COUNTS FOR 20th C BRITISH

• Professor John Su                         Post Colonial Literature & Theory     

  • 701    WED    3:30-6:10 

Course Description: In this course, we will explore the literatures of former British colonies since the 1950s.  At its apex, the British Empire spanned the globe, and its power was not only military and economic but cultural.  The challenge facing a writer from one of the former colonies is how to interact with and appropriate British models of culture.  For one of the harshest truths to be faced is the impossibility of restoring a pre-colonial purity.  From the first moment of the colonial encounter, peoples from Africa, Asia, and the Americas have had to learn to accommodate themselves to the presence of a foreign power.  This presence leaves enduring traces even after colonists themselves leave.  Yet, the colonial encounter has proven to be a transformative experience for the British colonists as well.  Indeed, the very notion of British identity becomes indelibly linked to empire and the colonial project.

     We will explore the cultural conversations and clashes between the center and periphery of empire as it is recorded by 20th-century novelists.  In this high stakes encounter of rewriting the past and imagining the future, our guiding question will be: how can British cultural systems and indigenous beliefs be reconciled?  We will investigate how novelists in the colonies create imaginary communities whose formation is not determined by the historical implications of the colonial project.  In turn, we will explore how novelists in Britain use the colonies to define British identity.  And finally we will see how the re-reading and rewriting of the British historical record by postcolonial authors offers unique insights into the cultures of both Great Britain and its former colonies.

ENGL 6600: Studies in American Literature for the Beginnings to 1900:

COUNTS FOR 19th C AMERICAN

• Professor Angela Sorby              Transcendentalism         

  • 101    TUTH     12:30-1:15

Course Description: Transcendentalists wrote experimental poetry and prose, but they also led experimental lives:  founding radical kindergartens, retreating into the woods (or into their bedrooms), supporting revolutionary forces in Europe, and joining communes. In this course, we will read major (and a few minor) Transcendental works by Emerson, Thoreau, Fuller, the Alcotts, Whitman, Dickinson, and others, while examining how they affected--and were affected by--the social world of Jacksonian America.  

Reading: We'll support our primary texts with David Reynolds's new cultural biography Walking Giant: America in the Age of Jackson; students are encouraged, though not required, to begin reading this text early.

Assignments: Requirements will include a class teaching day, a brief research project, and a final seminar paper.
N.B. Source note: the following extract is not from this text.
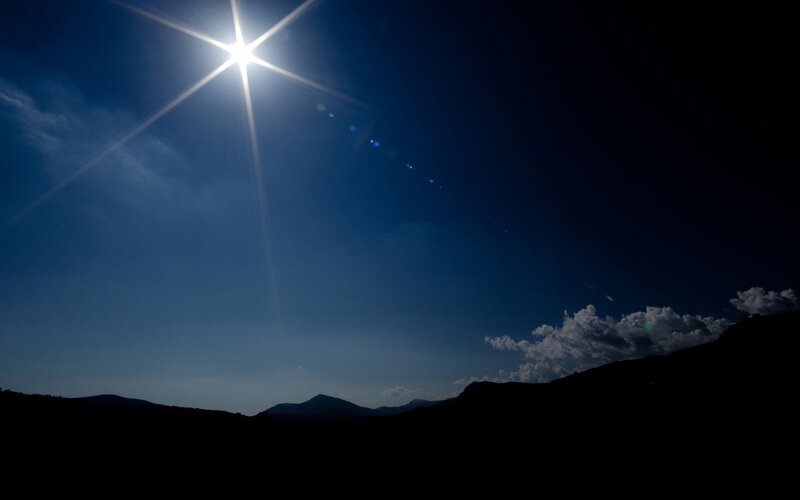Sun over mountain silhouettes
ENGL 6820: Studies in Modern Critical Literatrue and Theory:

• Professor Steve Karian        

  • 101    TUTH    2:00-3:15 

Course Description:This course is an introduction to literary research methods, bibliography and textual studies, the principles and practices of literary criticism, and literary theory. The primary emphasis will be on acquiring portable research skills for literary study in graduate school and beyond. Aside from the required readings and other assignments, your main focus will be on attaining mastery of the scholarship relevant to a specifically defined area of study. Upon completion of this course, students will be able to use essential research tools, write a grant proposal, understand the problems related to the textual history of a work, understand the main schools of literary theory, communicate ideas in a formal presentation, and conduct a thorough review of scholarship for a research project.

Readings:The course readings will cover the history and practice of various approaches to literary study.

Assignments:Active class participation, oral presentations, and papers, including a 20-page final paper.